It was a busy week. Ruth and Vicky processed the online orders that had come in over the Christmas break and four new ones that had arrived since. All of the orders involved mods of some kind. One woman wanted a BodyCon dress with a higher neckline; another wanted an A-line with spaghetti straps; and so on. The software had been designed to manage that kind of mixing ‘n’ matching, so processing each order required no manual intervention. Most of the effort went on colour-matching and dyeing, and on printing the customers’ sometimes esoteric choices of pattern. Then it was just a matter of scheduling the dyeing and printing with the cutting and fabricating.

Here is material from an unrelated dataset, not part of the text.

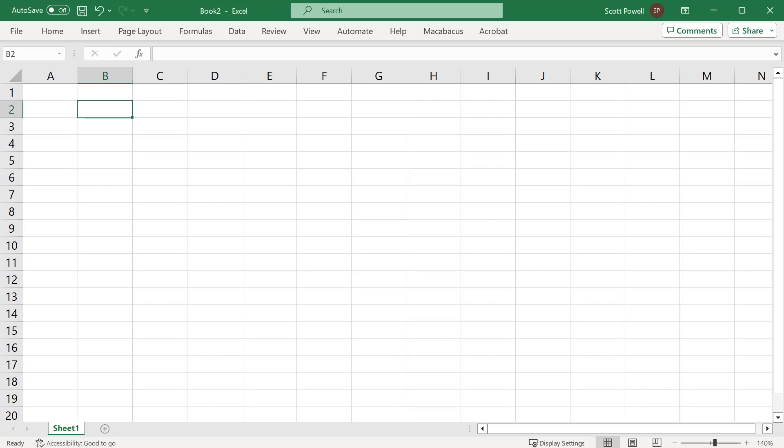Let's explore the TODAY function in Excel. So you're looking to put today's date into Excel.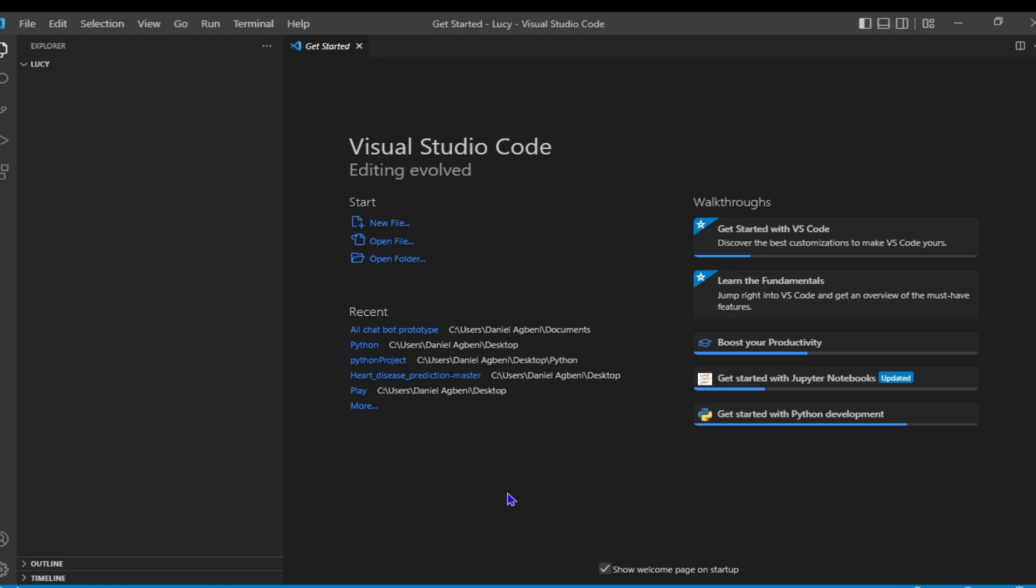Hi, it's Daniel. In this video I'll be showing you how I created my chatbot using Python. First of all, I will have to create a file because the name of the chatbot is called Lucy, so I'll be creating a file called lucy.py.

We all looked forward to automating that.

Ruth was happy to hand over the management of the latest orders to Vicky, Mike and Eddy. She wanted to spend some time encoding a new offering: maternity dresses, which I thought was ironic, given my circumstances. Perhaps I’d be able to buy Daisy’s stuff from MyOwnCouture.com in future. Wait! What was I thinking?

On the Wednesday Will dropped in to talk about the Bank’s Investment Pack and their draft contracts. We emailed some clarification questions and made some counter-offers for the type of support we wanted and the corresponding number of shares they could have.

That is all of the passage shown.